START MATERIAL SHOWN

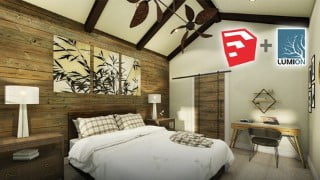SketchUp 2020 Interior Room Design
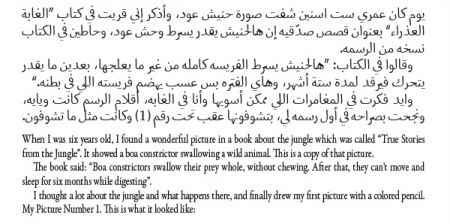 "Der kleine Prinz" Zweisprachige Ausgabe Arabic Emirati dialect / Englisch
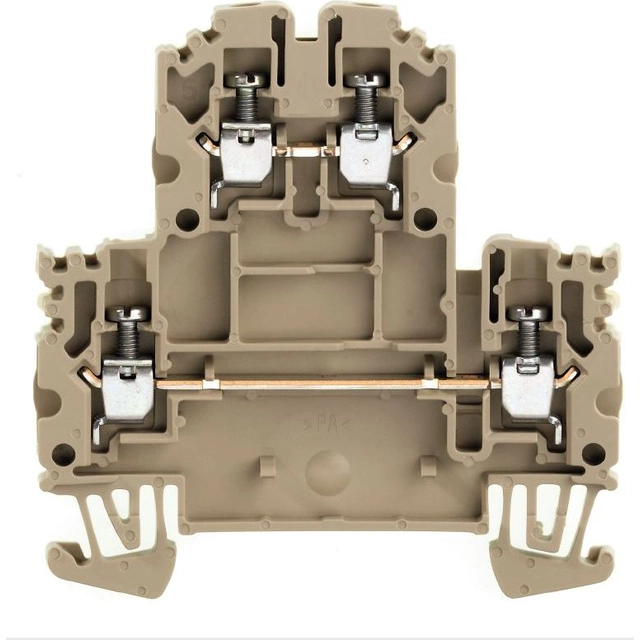 Bornier Weidmuller 2-piętrowa 4-przewodowa 2,5mm2 beige (1041600000)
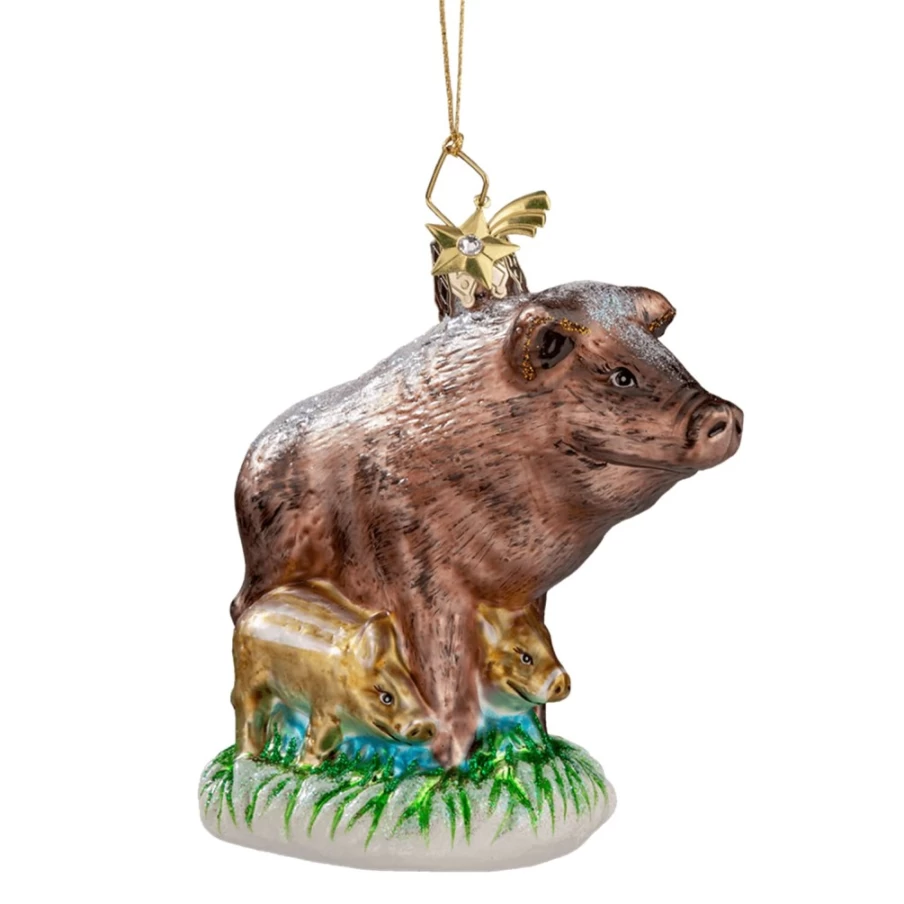 "Poesie in Glas Wild Boar Family Scented Candle - Natural Aroma for Home Decor"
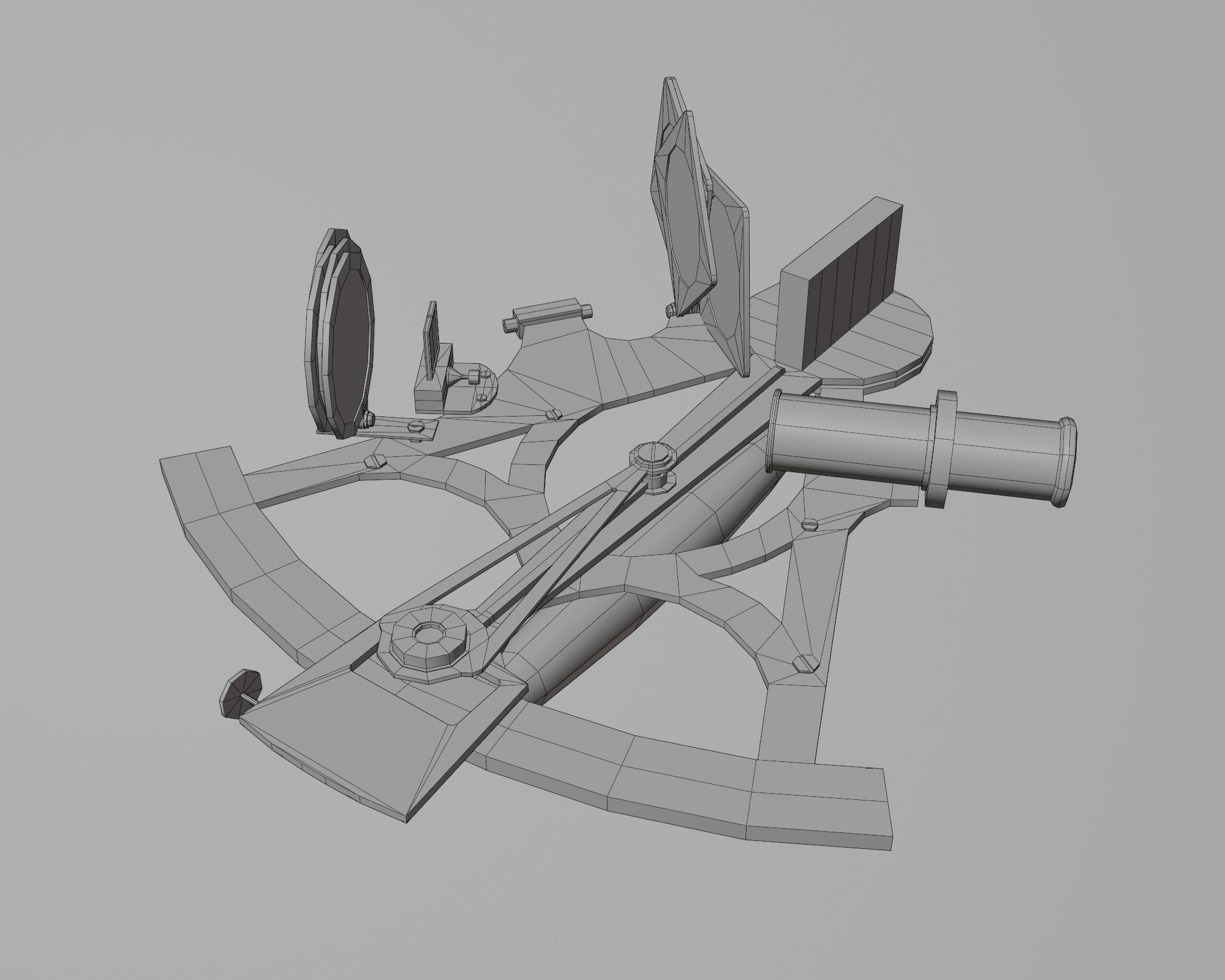 Underwater home Low-poly 3D model_32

END MATERIAL SHOWN

WHAT IS BEING ASKED
Reproduce the listing above exactly, but skip the pictures.

EXERCISE RESPONSE
SketchUp 2020 Interior Room Design
 "Der kleine Prinz" Zweisprachige Ausgabe Arabic Emirati dialect / Englisch
 Bornier Weidmuller 2-piętrowa 4-przewodowa 2,5mm2 beige (1041600000)
 "Poesie in Glas Wild Boar Family Scented Candle - Natural Aroma for Home Decor"
 Underwater home Low-poly 3D model_32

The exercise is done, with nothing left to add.